Berkin Elvan ile Burak Can Karamanoğlu'nun öldüğü Okmeydanı, bir durakla 'aşağıdakiler' ve 'yukarıdakiler' olarak ayrılmış durumda.

Kasımpaşa’dan Şark Kahvesi’ne dek uzanan iki kilometrelik minibüs yolu, Çeşme Durağı’nda ikiye ayrılıyor. Çeşme’nin altından Kasımpaşa’ya kadar dükkânların camlarında Burak Can Karamanoğlu’nun resimleri, Türk bayrakları, duvarlarda “Burak Can ölümsüzdür” yazıları ve “Okmeydanı komünizme mezar olacak” sloganları görülüyor. AKP, Saadet Partisi ve yer yer MHP ’nin tabanı bulunan bu muhitte, CHP ’ye radikal bir sol örgüt olarak bakılıyor. Karamanoğlu’nun ölümünden sonra CHP’nin bürolarının saldırıya uğraması bundan...

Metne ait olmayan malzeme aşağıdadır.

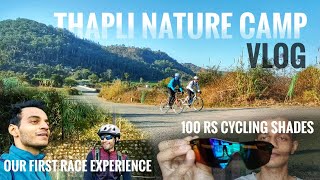 Cycling Shades for Only 100 Rupees  Our First Race Experience 🚴‍♂️  Thapli Nature Camp Vlog 🎬 [upl. by Weil319]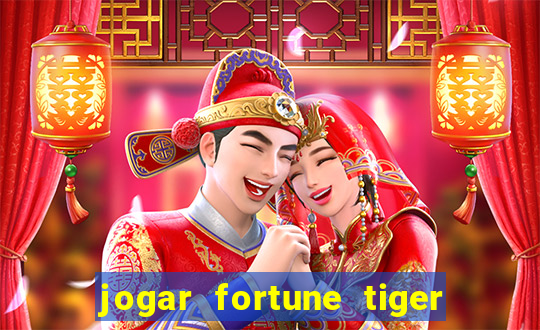 jogar fortune tiger sem depositar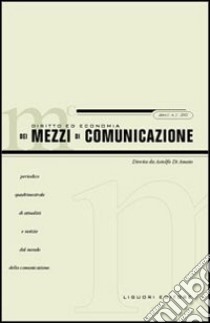 Diritto ed economia dei mezzi di comunicazione (2002). Vol. 1 libro di Di Amato A. (cur.)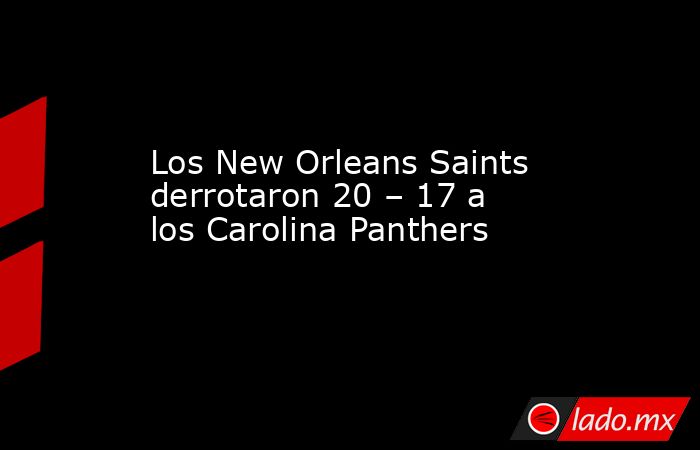 Los New Orleans Saints derrotaron 20 – 17 a los Carolina Panthers. Noticias en tiempo real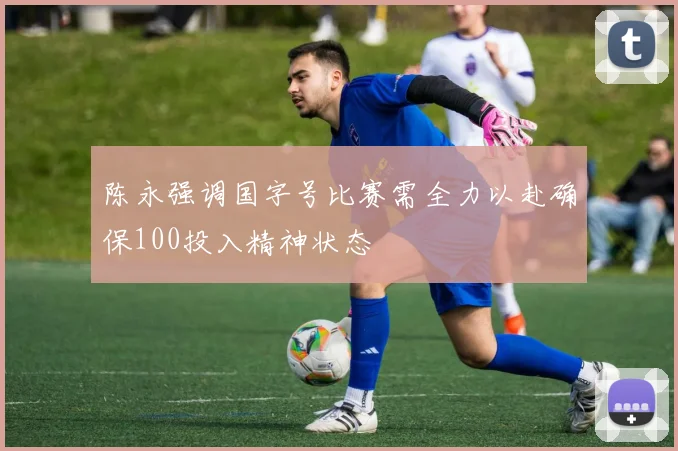陈永强调国字号比赛需全力以赴确保100投入精神状态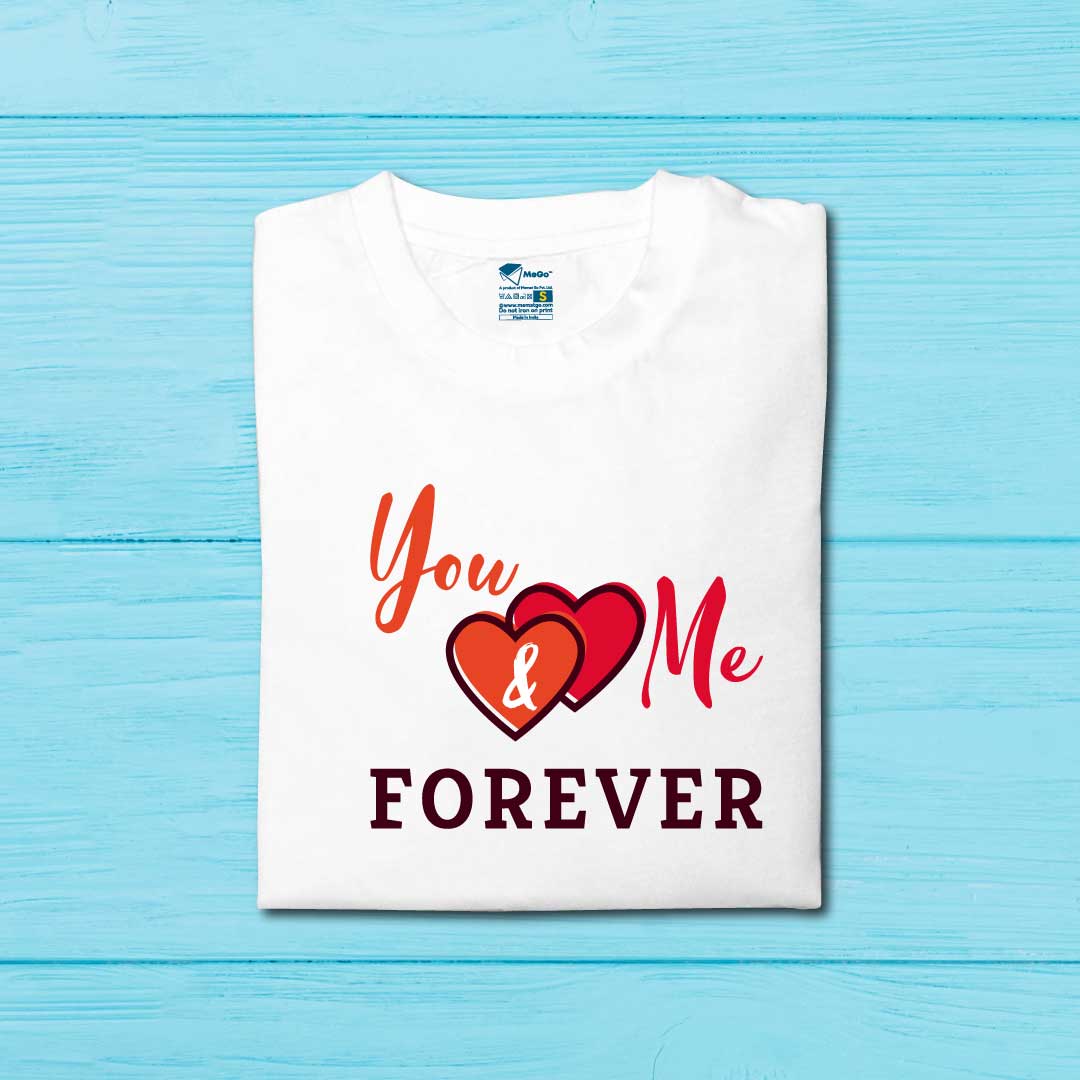 You and Me Forever T-Shirt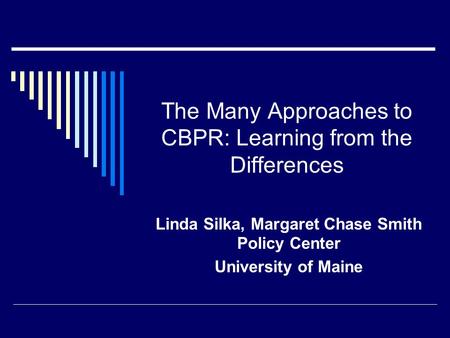 The Many Approaches to CBPR: Learning from the Differences Linda Silka, Margaret Chase Smith Policy Center University of Maine.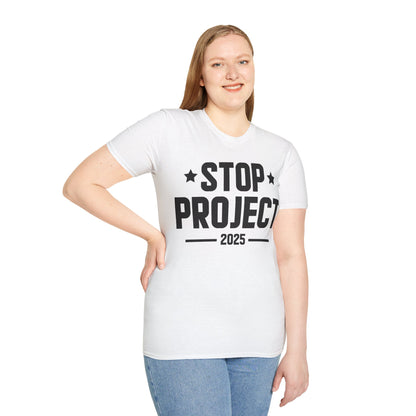 Stop Project 2025 T-Shirt For Women Men T-Shirt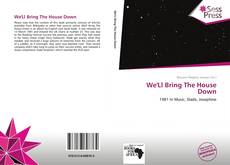 Portada del libro de We'Ll Bring The House Down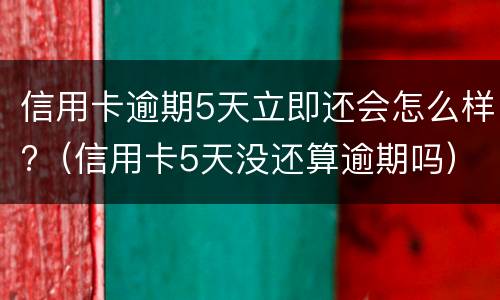信用卡逾期5天立即还会怎么样?（信用卡5天没还算逾期吗）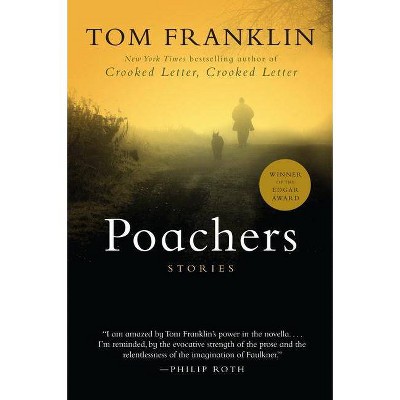 Poachers - by  Tom Franklin (Paperback)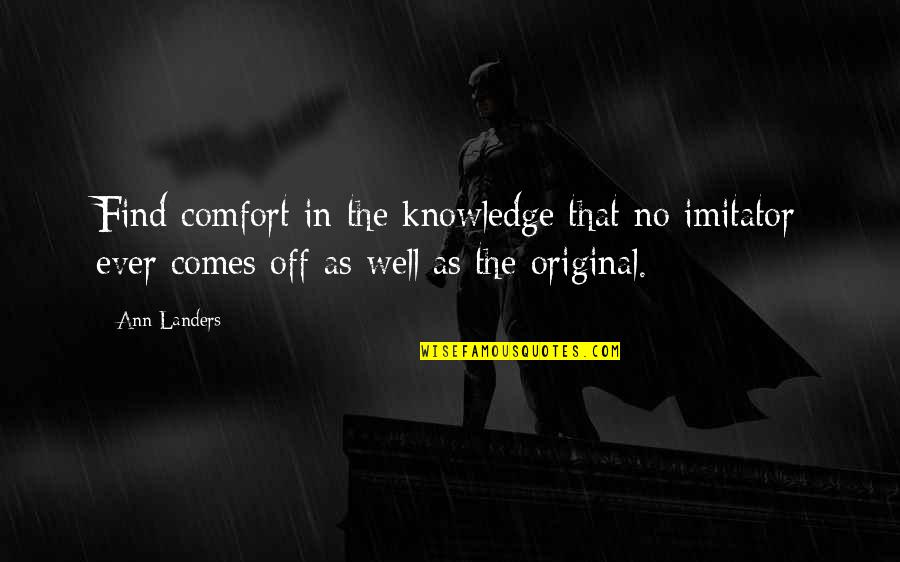 Landers Quotes By Ann Landers: Find comfort in the knowledge that no imitator Landers Quotes By Ann Landers: Find comfort in the knowledge that no imitator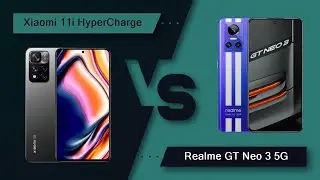 Xiaomi 11i HyperCharge Vs Realme GT Neo 3 5G - Full Comparison [Full Specifications]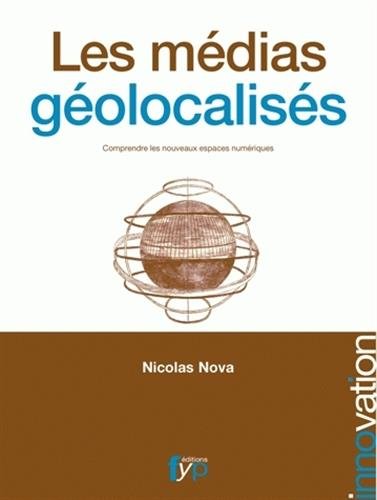 Les Medias Geolocalises (French Edition) by Nicolas Nova
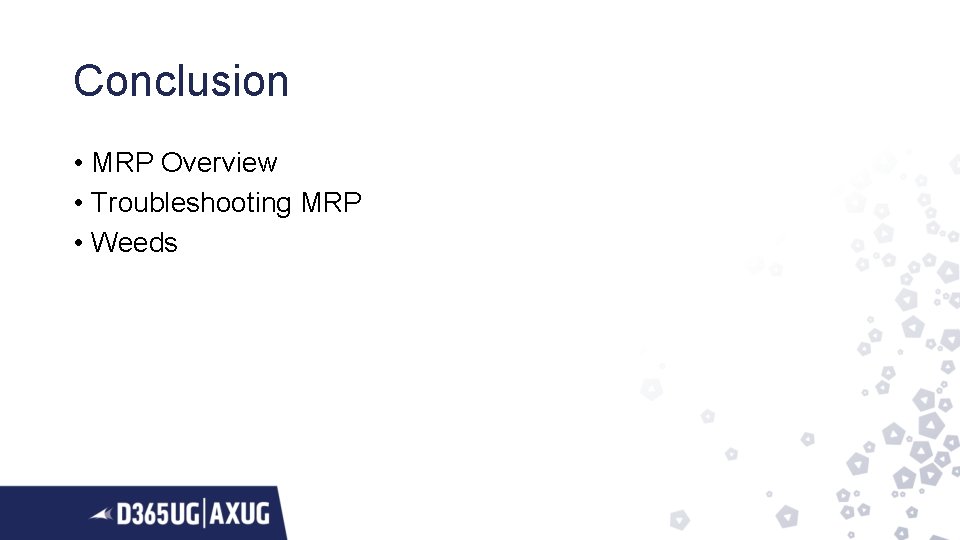 Conclusion • MRP Overview • Troubleshooting MRP • Weeds 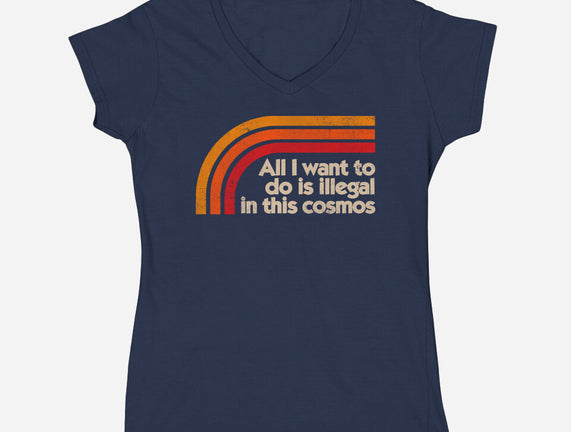 All I Want To Do Is Illegal In This Cosmos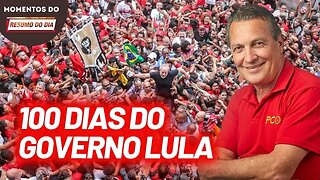 Comentário do companheiro Nivaldo sobre os 100 dias do governo Lula | Momentos Resumo do Dia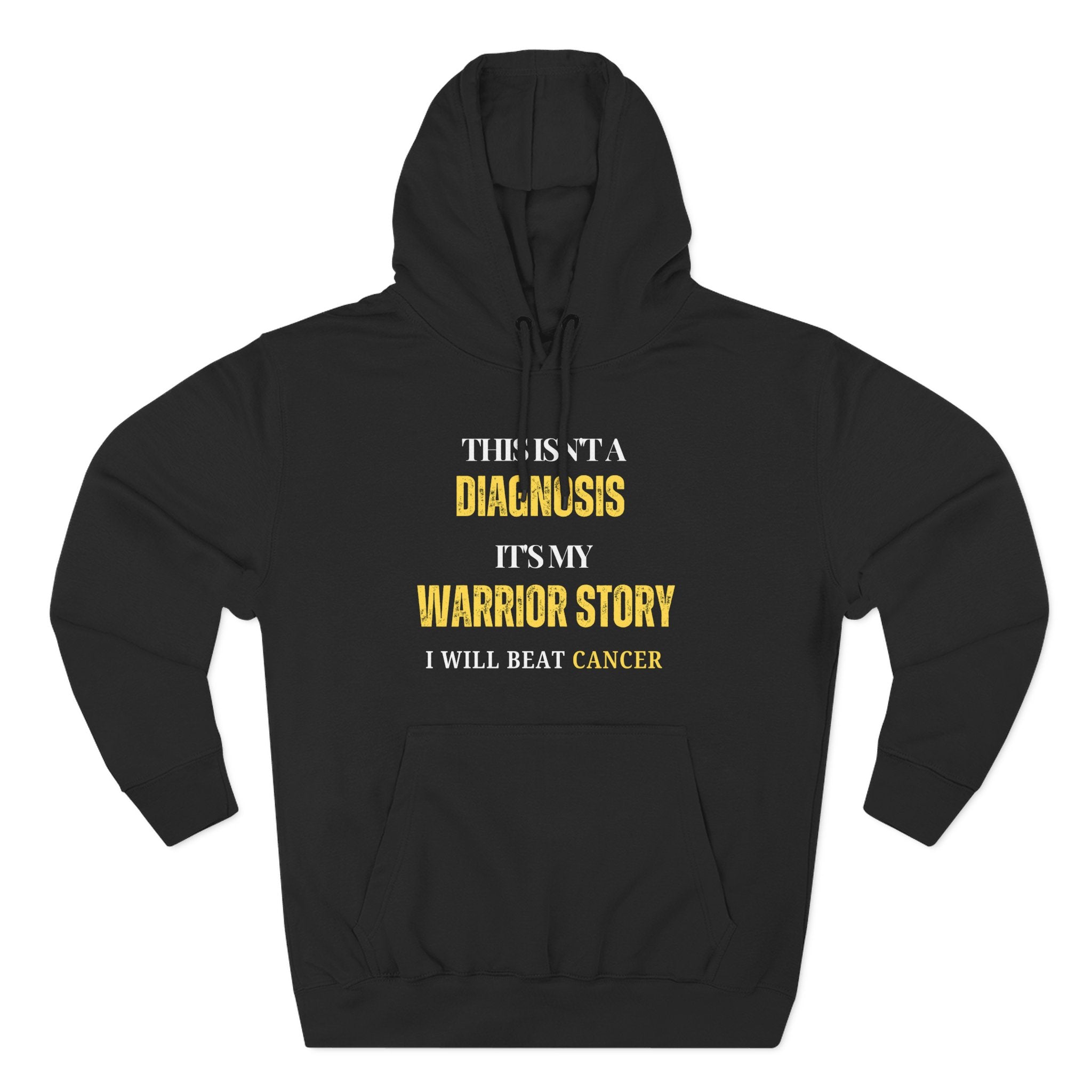 This isn't a diagnosis, it's my warrior story. I will beat cancer Hoodie, Unisex Sweatshirt, Casual Wear, Gift for Her, Fall Fashion, Holiday Gift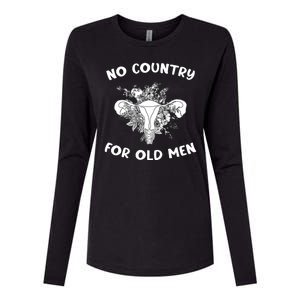 No Country For Old Men Uterus Feminist Women Rights Womens Cotton Relaxed Long Sleeve T-Shirt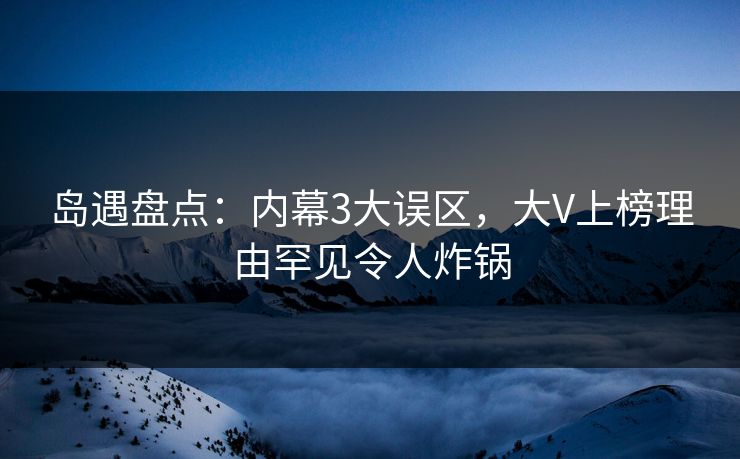 岛遇盘点:内幕3大误区,大V上榜理由罕见令人炸锅 岛遇盘点:内幕3大误区,大V上榜理由罕见令人炸锅
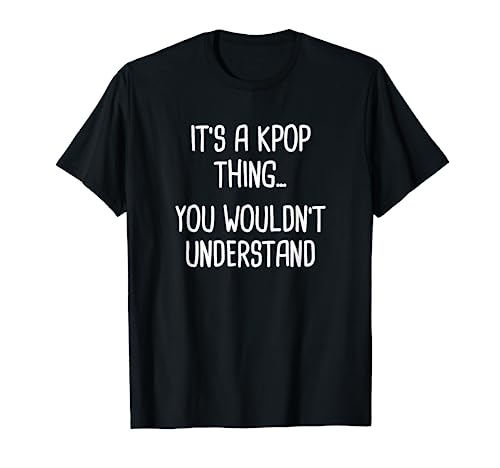 It's A K-Pop Thing Shirt Kpop-Fanartikel Koreanische Mode T-Shirt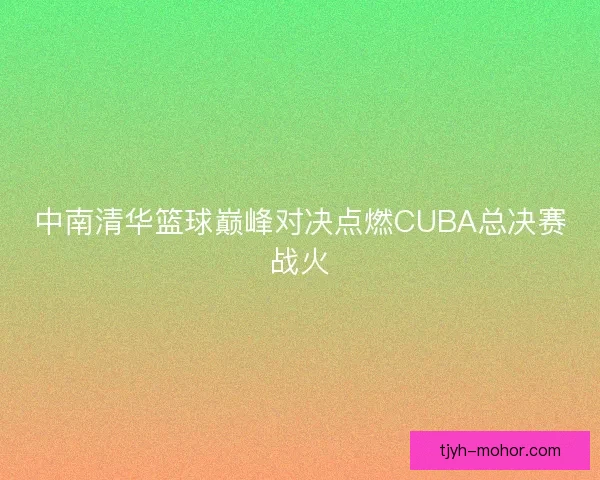 中南清华篮球巅峰对决点燃CUBA总决赛战火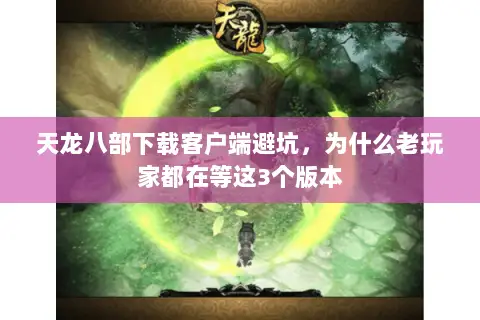 天龙八部下载客户端避坑,为什么老玩家都在等这3个版本 天龙八部下载客户端避坑,为什么老玩家都在等这3个版本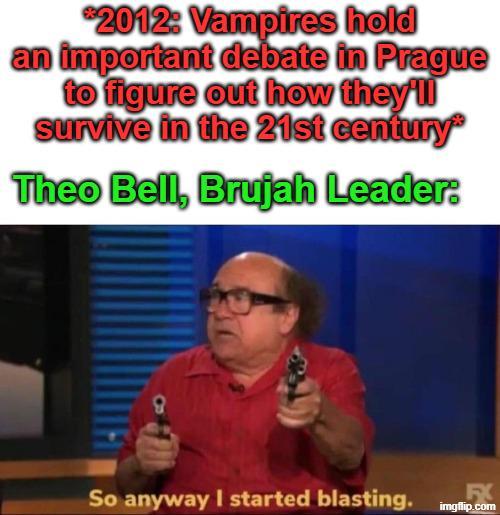 2012: Vampires hold an important debate in Prague to figure out how they'll survive in the 21st century Theo Bell, Brujah Leader: So anyway I started blasting. FX imgflip.com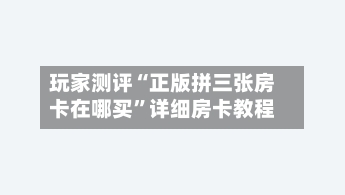 玩家测评“正版拼三张房卡在哪买”详细房卡教程-第2张图片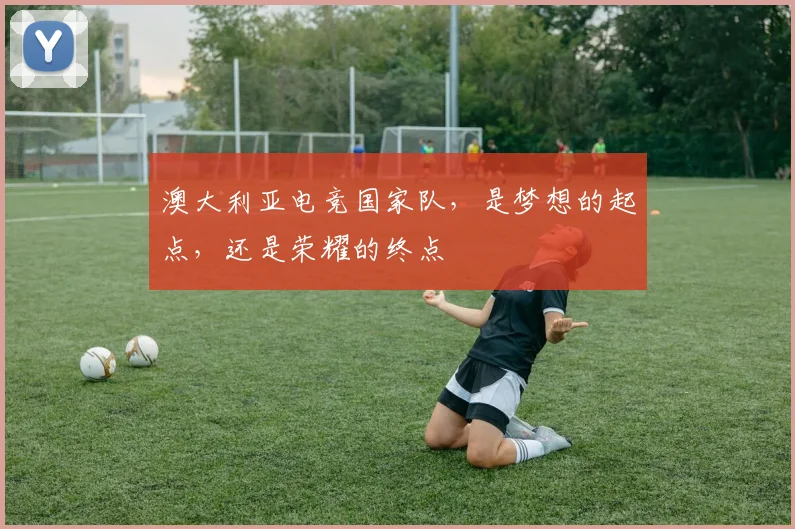 澳大利亚电竞国家队,是梦想的起点,还是荣耀的终点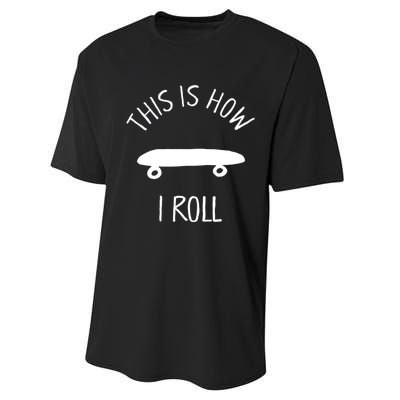 Kids THIS IS HOW I ROLL Skateboard Shirt. Kids Hipster Shirt Performance Sprint T-Shirt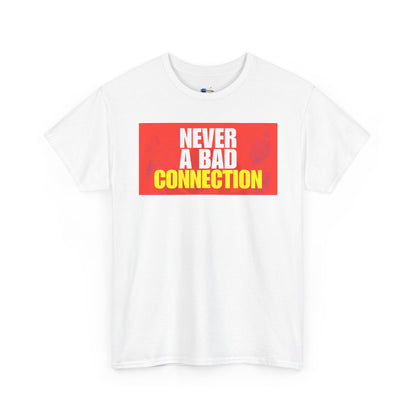 Never a Bad Connection T-Shirt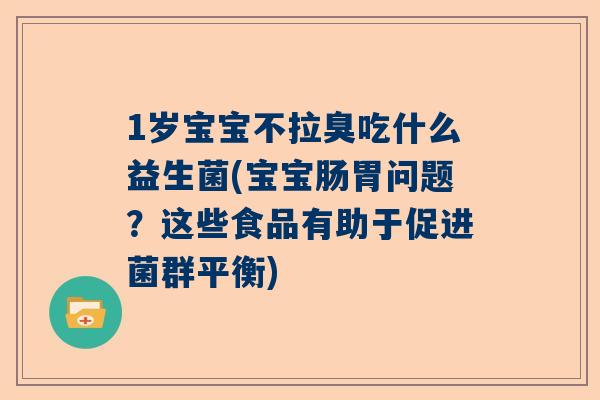 1岁宝宝不拉臭吃什么益生菌(宝宝肠胃问题？这些食品有助于促进菌群平衡)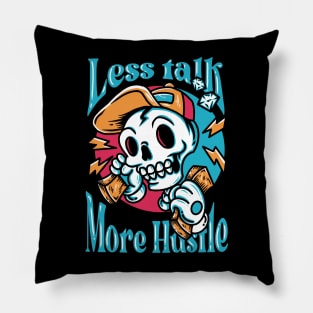 LESS TALK MORE HUSTLE Pillow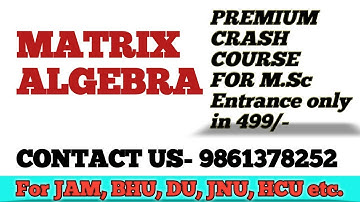 matrix algebra:M.Sc Entrance;BHU, JNU, DU, CUCET,CPET &many more! crash course for M.Sc entrance.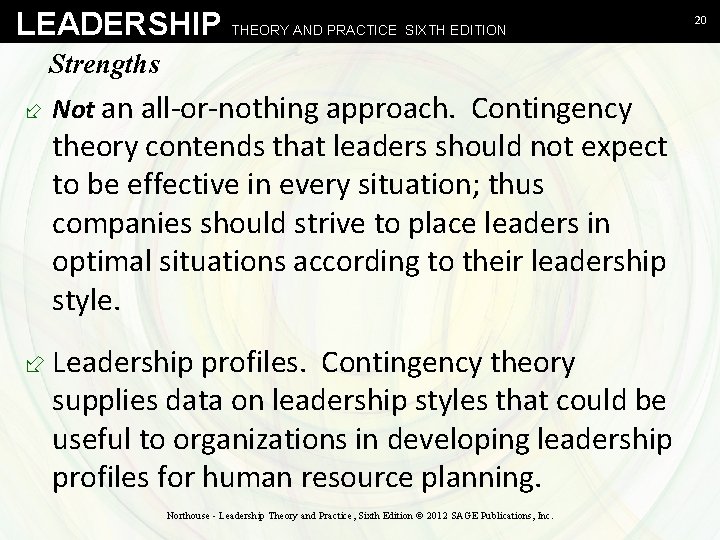 LEADERSHIP THEORY AND PRACTICE SIXTH EDITION Strengths ÷ Not an all-or-nothing approach. Contingency theory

Çeşme’nin altı, ‘yukarıdakilerin’ kendi mahallelerini basacağını düşünüyor. İlginçtir, ‘yukarıdakiler’ de Çeşme’nin altı için böyle düşünüyor. Bir baskın kuşkusuyla geceleri sokaklarda nöbetler tutuluyor. Çeşme’nin üstündeki tüm duvarları Berkin Elvan’ın duvarlara kazınmış resimleri, “Berkin Elvan ölümsüzdür” yazıları süslüyor. CHP, HDP, ÖDP ve radikal sol grupların etkili olduğu mahallede, hiçbir sağ parti yok...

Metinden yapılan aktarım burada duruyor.